More of the best of Madison music of 2009
Kitty Rhombus emerge from the noise-cave in a surprisingly good mood.
Yesterday we shared with you our 10 favorite Madison records of 2009, but of course that couldn't come close to representing all the little warrens of creativity that contributed to local music this year. So today we follow up with a streaming mix from 13 more locally made albums that topped the pile in 2009.
Bawku West Collective, Vol. 1
Luke Bassuener of local bands This Bright Apocalypse and Control pulls together music from musicians he's met on his travels to Ghana, then adds his own bass, guitar, drums, and thumb piano. Not only is it a true African-Madisonian collaboration, it also documents African musicians you're not likely to hear on even Western-friendly world-music labels like World Village. Sometimes it's hard to know where to start looking for this stuff, especially since some of the musicians on this CD play only at such traditional occasions as funerals. Plus, it's probably the only CD you can buy through local fair-trade roaster Just Coffee. Overall, one of the coolest ideas a local musician has had all year.

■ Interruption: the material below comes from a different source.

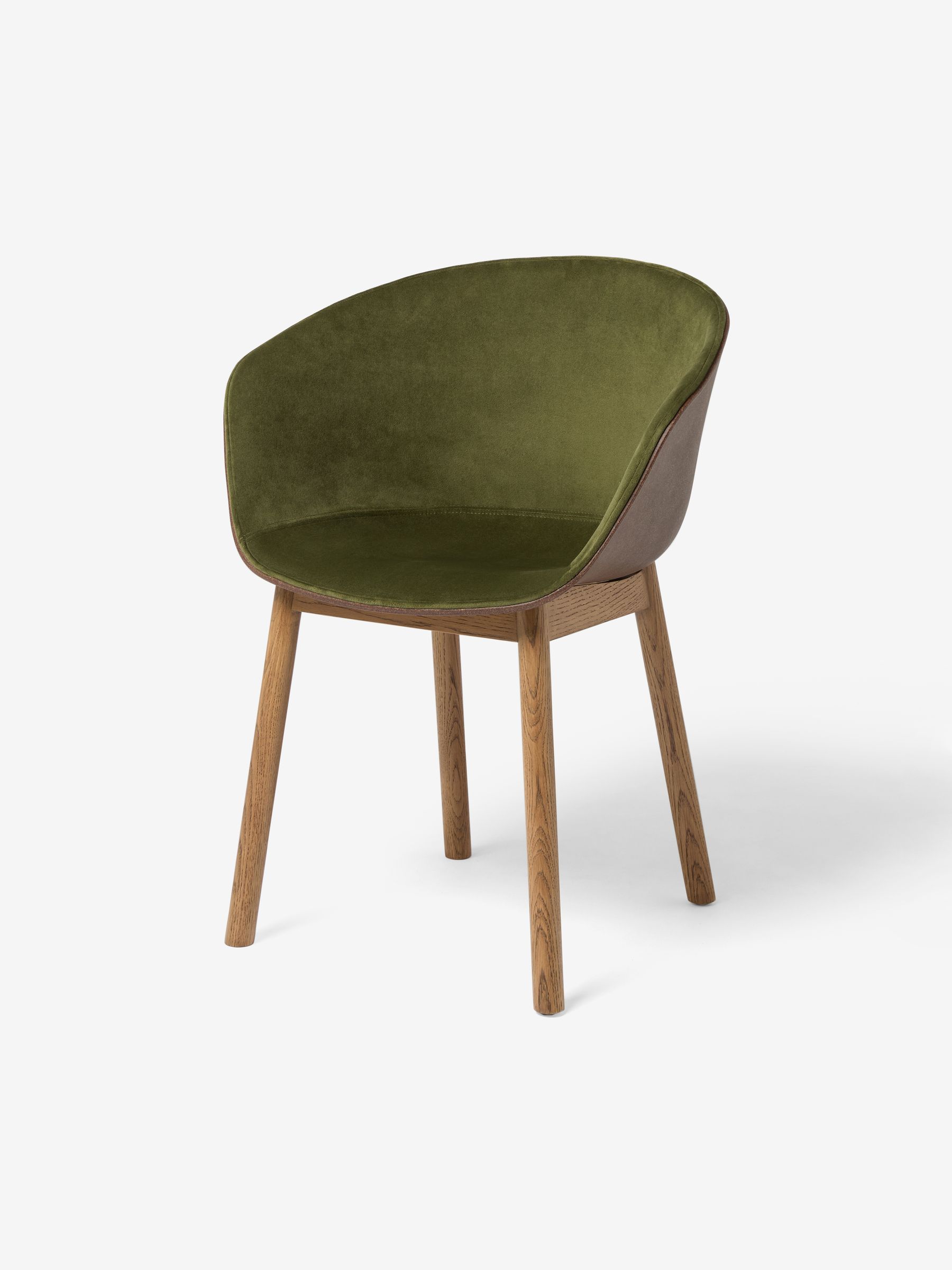 Helle Dining Chair in Brown and Green Velvet - Image 4 of 4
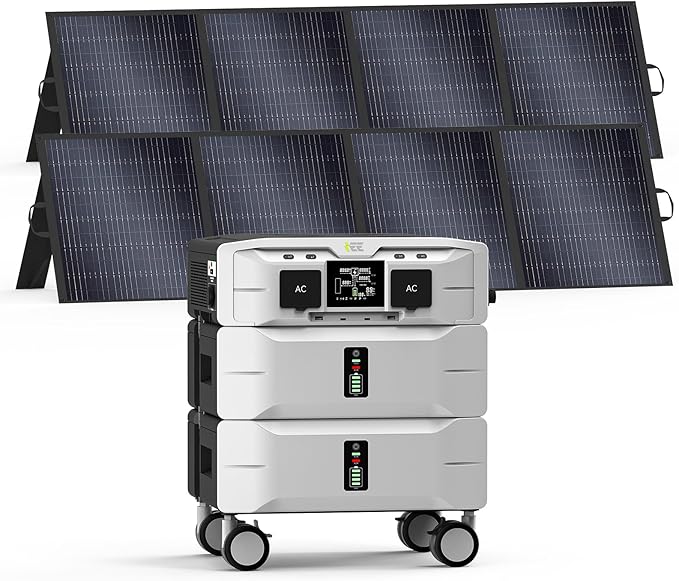 IEE 5120Wh Portable Power Station SP5000 with 2×200W Solar Panel, 120/240V 5000W(Peak 9000W) AC Output Solar Generator, Expandable Capacity, LFP Battery Generator for Home Use, Power Outages, RVs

The Cemetery Improvement Society, Lonely Dog Island
We wouldn't call The Cemetery Improvement Society's take on electronic music catchy, agreeable, or stylish. Too bleak for even the most gothed-up of dance floors, Lonely Dog Island is built on austere drum machines, guitars, and mysterious sounds that suggest circuitry full of termites. Not that it isn't sometimes funny or melodic, but this is really 80 minutes of pathological shut-in music.
Cougar, Patriot
Only one member of instrumental-rock band Cougar still actually lives in Madison, so unlike the band's first album, Law, this one came together via e-mailed fragments rather than in some house downtown. If Patriot feels more remote and less organic than Law's graceful weave of guitars, it also allows the members more freedom to mess around in their own head-spaces, going beyond hooks and into strange rhythms, bursts of guitar-pedal noise, even an artificial drum line and choir.
Flatbear, Flying Days
Jentri Colello and her band (who morphed into Flight after this album came out) slow down and add in more classy shades of piano, strings, and even some horns on Flying Days, yet the arrangements don't intrude on the quiet heart of Colello's songwriting or her understated vocals. With a wise blend of polish and roomy reverb, the record challenges us to figure out where "singer-songwriter" ends and band begins, all without fitting too comfortably among other folk-, country-, or indie-rock-influenced acts.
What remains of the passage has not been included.